Nel mese di febbraio nel Golfo di Gaeta si sono registrate a Scauri, a Castelforte, a Gaeta, a Fondi – oltre a quella con esito drammatico a Formia – varie risse che hanno reso necessario l’intervento – a seconda dei casi – di Carabinieri e Polizia di Stato. Il 14 febbraio – giorno di San Valentino – a Scauri ben sei giovani tra i 19 e i 20 anni tutti di Gaeta si affrontano con durezza sino all’arrivo della Benemerita. Il 20 febbraio a Castelforte al di fuori di un ristorante si affrontano 4 trentenni originari di Castelforte, Santi Cosma e Damiano e Caserta dandosene di santa ragione, a tal punto da sfondare le vetrate di ingresso del locale. Sul lungomare di Serapo a Gaeta 18 giovani tra i 15 e i 25 anni originari di Gaeta, Fondi e Formia si affrontano in una mega rissa sino a una fuga generale quando sopraggiungono le “nostre” forze dell’ordine.

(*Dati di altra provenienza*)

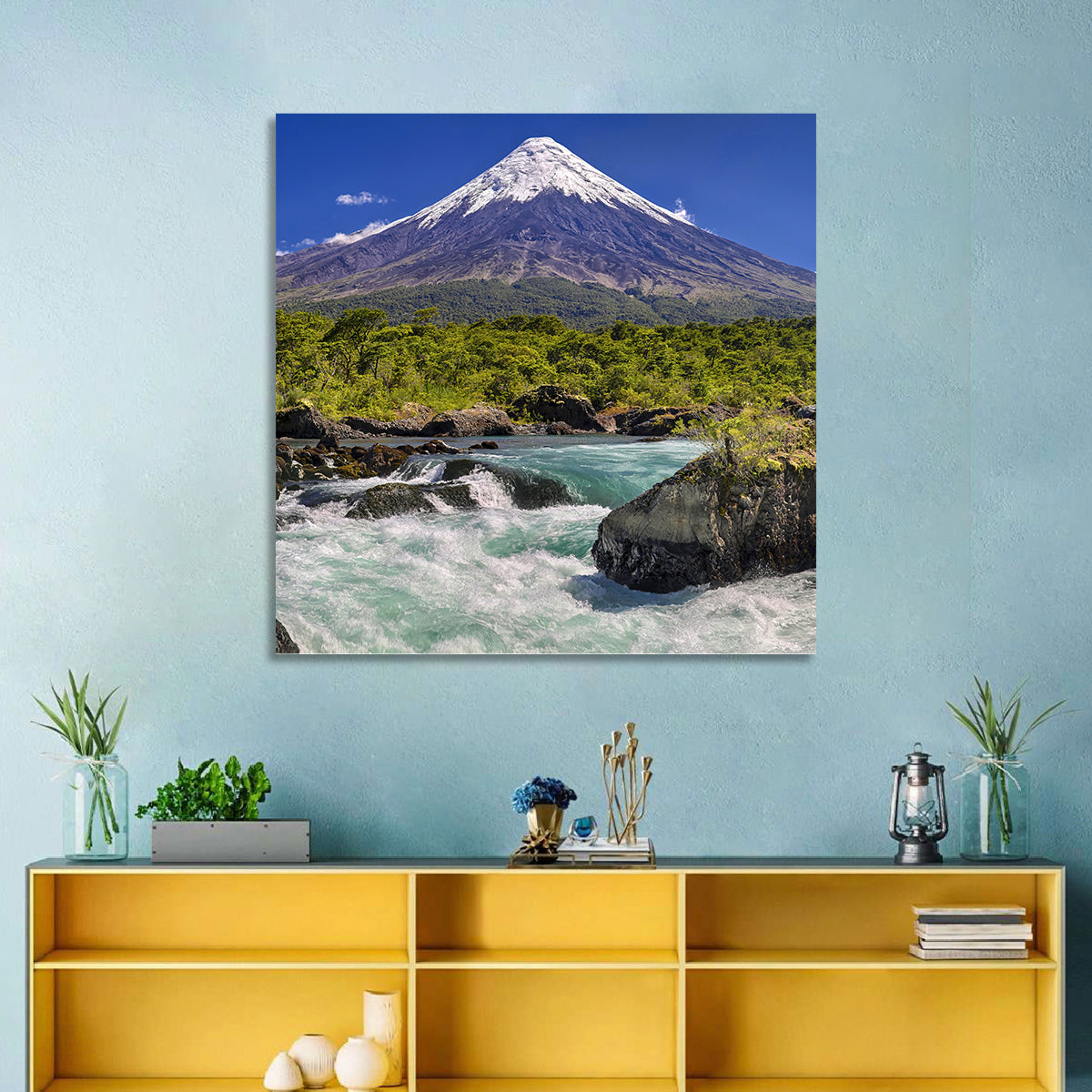 Osorno Volcano Over Petrohue Rapids Wall Art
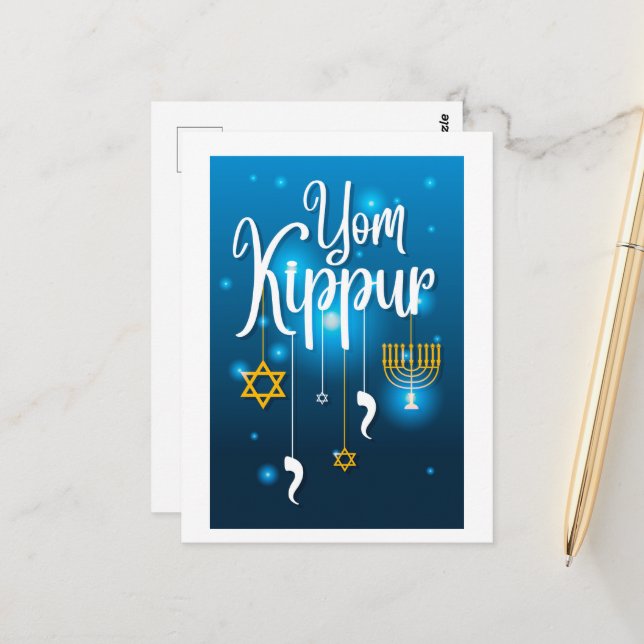 Carte Postale Yom Kippour (Devant/Arrière en situation)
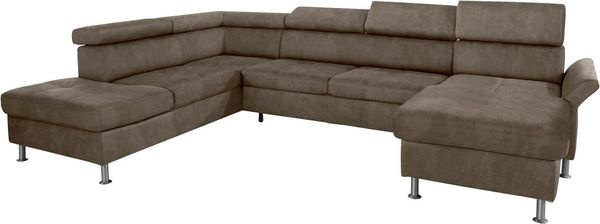 exxpo - sofa fashion Wohnlandschaft Maretto, bequem und komfortabel, viel Platz, Breite 330cm, U-Form, inkl. Kopfteilverstellung für mehr Sitzkomfort, wahlweise Bettfunktion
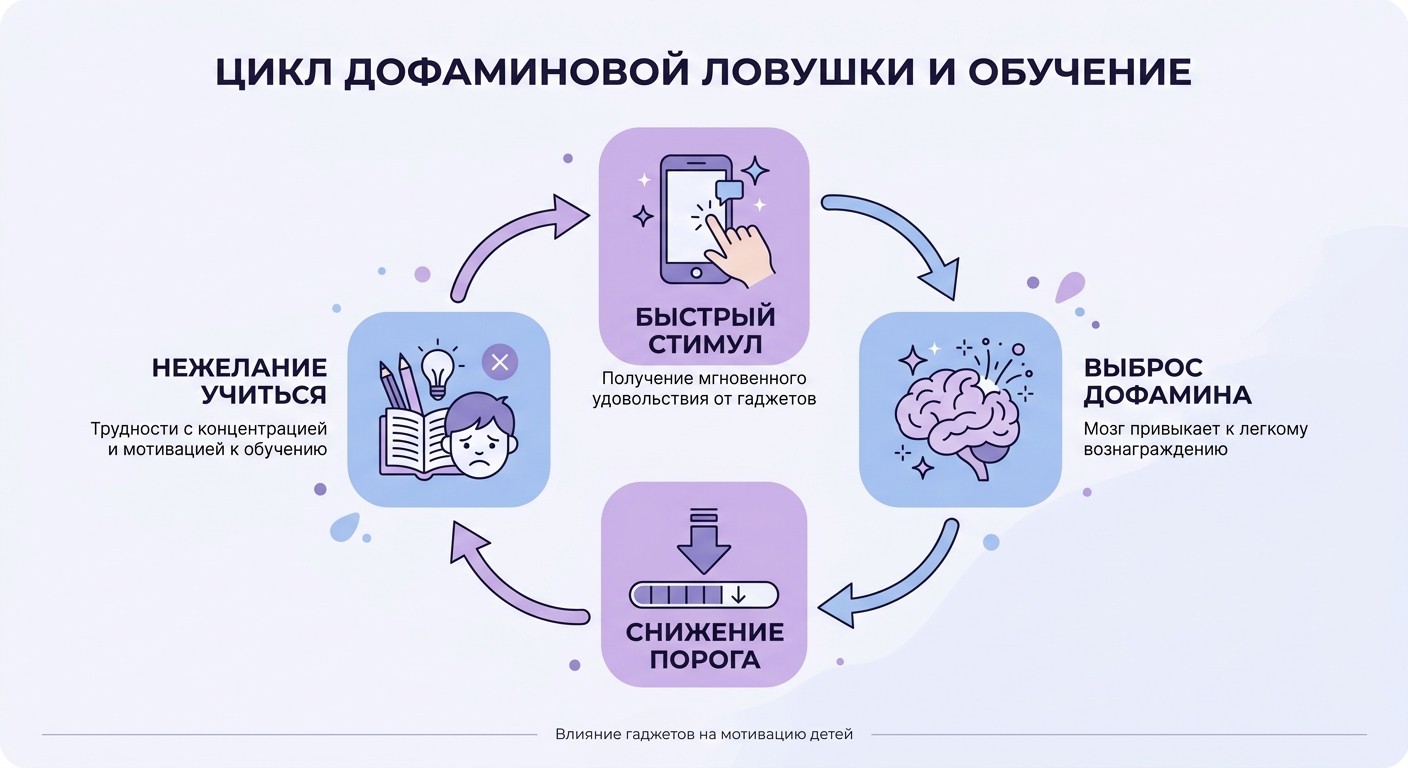Дофаминовая петля гаджетов снижает мотивацию ребёнка к учёбе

E ancora a Fondi un trentenne di Gaeta con un pugno micidiale frantuma il setto nasale a un quarantenne del luogo. Con queste premesse possiamo meravigliarci di quanto è accaduto a Formia tra due comitive di minorenni, una locale e l’altra proveniente dalla Terra di Lavoro? La Magistratura del Tribunale dei Minorenni di Roma e il Commissariato di Polizia di Formia stanno facendo il loro dovere sino in fondo in merito alle indagini sulla morte del diciasettenne formiano Romeo Bondanese, ucciso in seguito ad una coltellata fatale all’arteria femorale nel corso di una violenta rissa scoppiata per futili motivi. L’opinione pubblica non è disponibile ad attendere i tempi delle perizie tossiche, delle indagini della polizia, degli interrogatori degli indagati da parte della magistratura, delle ricerche in mare del coltello da parte dei sub della Guardia Costiera, vuole una sentenza esemplare per il sedicenne di Casapulla indagato per omicidio preterintenzionale (troppo poco secondo la parte offesa).

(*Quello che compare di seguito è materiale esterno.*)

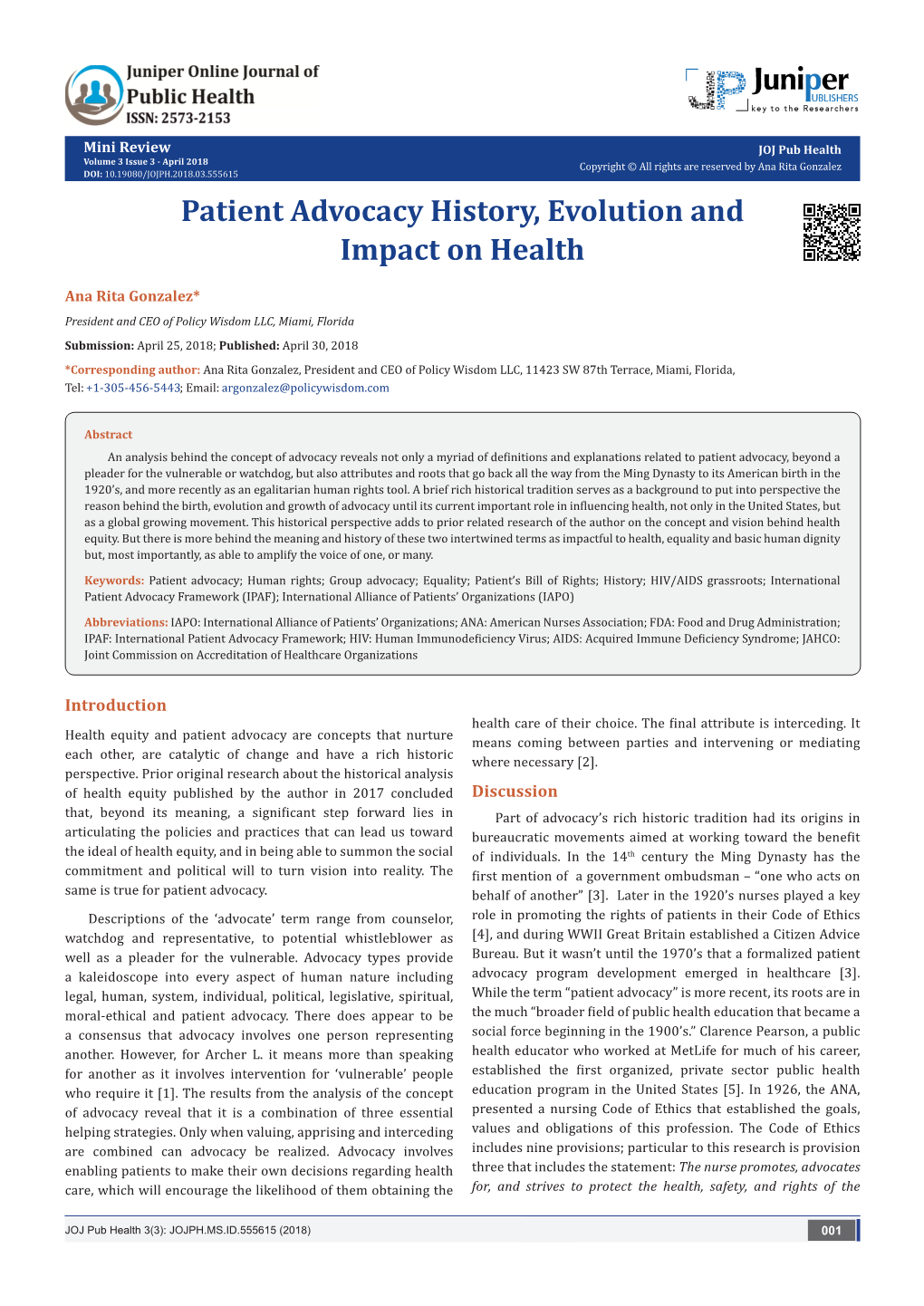 Patient Advocacy History, Evolution and Impact on Health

Ma ora non è il caso di perdersi in un rimbalzare di responsabilità. I dati incontrovertibili mentre la magistratura lavora sono tre: i coltelli di qualunque dimensione non vanno portati con sé ma lasciati a casa per altre più nobili funzioni, un minorenne ha perso la vita e il diritto di realizzare da adulto le sue aspirazioni, un altro minorenne è marchiato a fuoco come responsabile di un omicidio, qualunque sia la tipologia del reato il suo futuro è compromesso per sempre. E infine i genitori e i nonni di Romeo vivranno il resto della loro vita con il dolore lacerante di coloro che sopravvivono a un figlio o nipote che sia. Questo Magazine intende lanciare una proposta per un messaggio significativo: tingere di bianco la panchina dove è tutto avvenuto e porre una targhetta dedicandola allo sfortunato diciasettenne. Nessuno vuole o può dimenticare questo ragazzo che potrebbe essere stato un nostro figlio.